New building for York University’s Lassonde School of Engineering
York University’s newest addition to its campus is an iconic and ambitious building that will redefine engineering education in Canada. A $60-million project, the Bergeron Centre for Engineering Excellence is a space designed to cultivate renaissance engineers – a new breed of engineer that possesses a social conscience and a sense of global citizenship.
Opening in August 2015, the school will offer students a learning environment without walls. Lectures happen on devices outside of the building, traditional classrooms are nowhere to be found, and in their place are spaces designed to foster collaboration and innovation.
Lassonde’s desire to realize an engineering school like no other, challenging the tradition of engineering buildings to define and confine students by discipline, opened possibilities to invite a space of discourse. During the planning process, ZAS Architects + Interiors worked closely with York to develop a design that reflected Lassonde’s goals, ultimately drawing upon two complementary ideas of mutability: a Cloud and a Rock. Its curvilinear form was developed based on the Cloud metaphor, and is seen to hover over a highly tessellated landscape that combines artificial and natural landscape features. The Rock is a prominent feature of this landscape, inspired by the geology of northern Canada, providing a roof over design workshops and project areas located on the lower level of the building.
Celebrating the interdependency between architecture, engineering, landscape and program in the spirit of the Da Vinci polymath ideal associated with the Renaissance, the building and landscape blur on a “landscape of learning” which assimilates the site and building into the surrounding natural environment and campus. It challenges the traditional notion of the limits of an academic building and the domain of learning.
Nearly 16,000 square metres of floor space on five levels rising from the campus will contain learning spaces for civil, mechanical and electrical engineering programs. Inside, a variety of teaching and research labs, workshops, collaborative classrooms, studio spaces and social areas for students and faculty create an innovative learning environment.
Rooted at the lower levels of the building is the civil engineering program, with the electrical and mechanical engineering departments at the building’s upper levels. The entrance level to the school contains most of the student service functions while administration for the faculty occupies a mid-level location in the building ensuring accessibility and engagement with the school’s faculty and students.

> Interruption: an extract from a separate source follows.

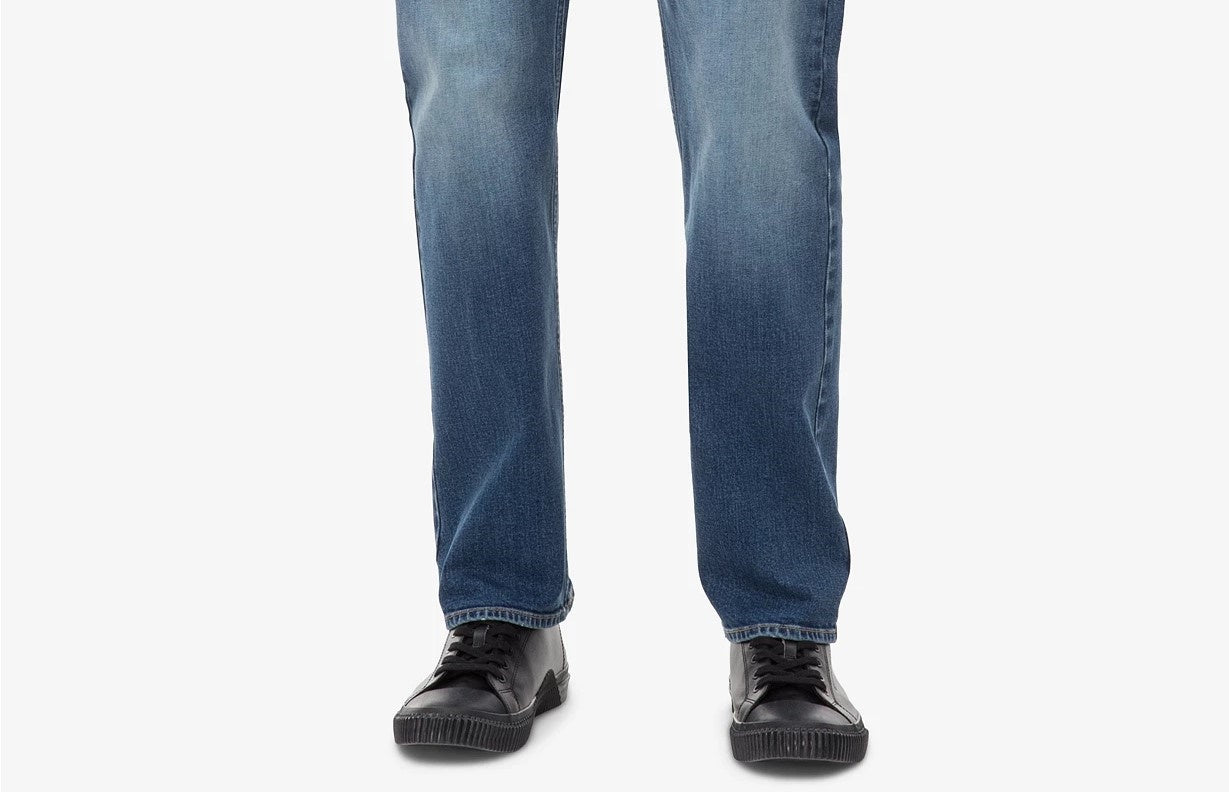 Calvin Klein Men's Relaxed Fit Jeans Navy Size 40X32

The project design team was selected by York University in a three-stage international architectural competition that included competing teams from across North America, Europe and Asia. Led by ZAS Architects + Interiors, the team is also working in collaboration with Arup Engineering & Scott Torrance Landscape Architects. The synergies and creativity of this multidisciplinary team have been fully realized in the design vision for the building and the technical development of it. Rounding out the team is the experienced construction management team of Laing O’Rourke and Gillam Group.